Wednesday, August 31, 2011

The Month in Review and of Things to Come

I've already hinted at how awesome of a reading month August has been.  I read The Magician King by Lev Grossman, Call me by your name by André Aciman, and Great House by Nicole Krauss, the first two of which I've let commentary for.  I made a substantial dent in Kushiel's Dart.  Also, I read a couple of stories on line this month which is rare for me as I don't like reading on a computer screen--it reminds me too much of work: The Dala Horse by Michael Swanwick and The Girl Who Ruled Fairyland for a While by Catherine Valente.  Swanwick's story has his usaual mark of, "Is this Fantasy, SF, or contemporary fiction?" that I find awesome.  Valente continues to create her own mythology in everything she writes, which I find mind-blowing.  Finally, I've read about a hundred pages of a short story collection by Margaret Atwood, The Dancing Girls, which has done nothing for me.

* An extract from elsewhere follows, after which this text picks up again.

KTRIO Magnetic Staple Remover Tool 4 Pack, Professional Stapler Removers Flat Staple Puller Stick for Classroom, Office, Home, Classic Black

Oddly, I haven't read anything in the past five days.  I've been busy but more so than this I've been so thoroughly sated by Call me by Your Name that I just haven't felt the need to read a book.  To put an exclamation mark on how good of a reading month this has been, I will say now--with absolute certainly--that my meager 'best book I read this year' award will come down to Call me By your name and Great House, either way I choose, I lose.  At least I've got a lot of time to consider the matter.  So read them both yourself by the year's end and then you can tell me why I picked the wrong one.

August ended on a bit of a bummer: a funeral for a family member, a whirlwind trip, relatives, high emotions and all that goes with it.  I picked up the Atwood book looking for something read in the car, and at the hotel, perhaps the circumstances I've been reading it under have affected how I view the stories but I don't think so.  I missed out on the Grossman book tour stop in Atlanta, but hopefully his publisher will give him the same treatment for the third book, and I'll catch him then.  

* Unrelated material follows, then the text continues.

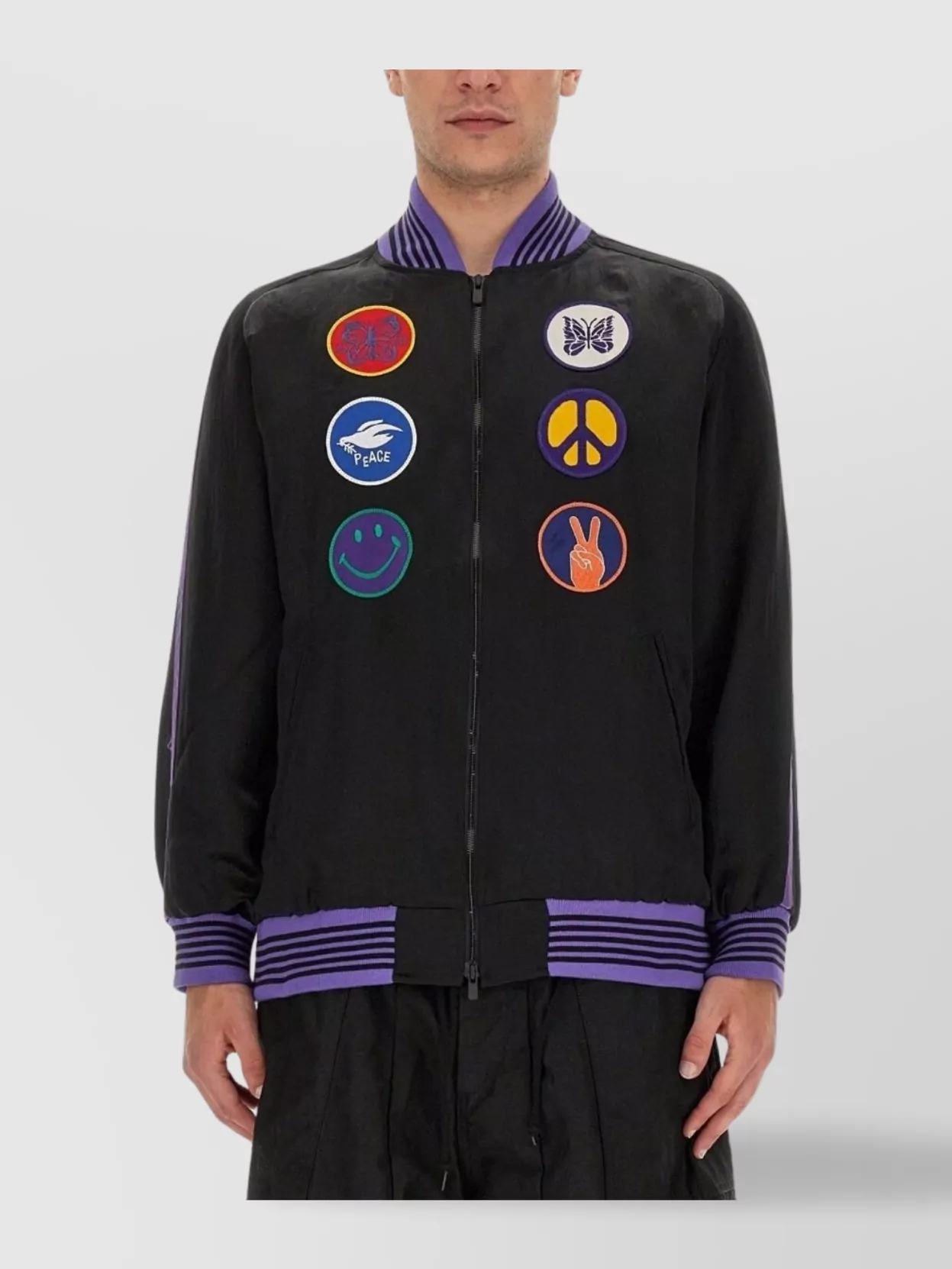 NEEDLES COMFORT FIT SATIN JACKET WITH GRAPHIC PATCHES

Next month I look forward to the Braves clinching a playoff spot.  I plan to finish The Dancing Girls, Gormenghast by Mevryn Peake, and The Firebrand by Marion Zimmer Bradley.  Hopefully, I'll also get around to another chunk of Kushiel's Dart.  I'd hoped to get to The Tiger's Wife this month but due to a shipping err that didn't happen.  Not sure about September, but it will get read by the year's end.  I'm tentative on a few writer's workshops in the Decatur Book Festival, which is a really big deal, if you're in the area and thinking about going.

Though it's still ninety degrees in the shade, it hasn't been ninety-eight degrees in the shade for a week or so: I look forward to this trend...

In terms of reading, I need to get August out of my system, Now.  Of the fifty-one books still clogging up my unread stack I'm sure I've got some real good ones, but I've got to get these past couple of gems out of my system if I'm to enjoy anything else.  

Tuesday, August 30, 2011

List!

This is fun.  Much as I've admitted to liking Lev Grossman's books I don't think I've ever read any of his reviews greater than what is printed on the back of a book as a blurb.   I did laugh, smile, roll my eyes, 'wink' when I came across The Lion, The Witch and The Wardrobe, not due to the quality of the book rather Grossman's literary ties with Narnia.  All things considered, Times' list of 100 Best Novels was rather standard fair.  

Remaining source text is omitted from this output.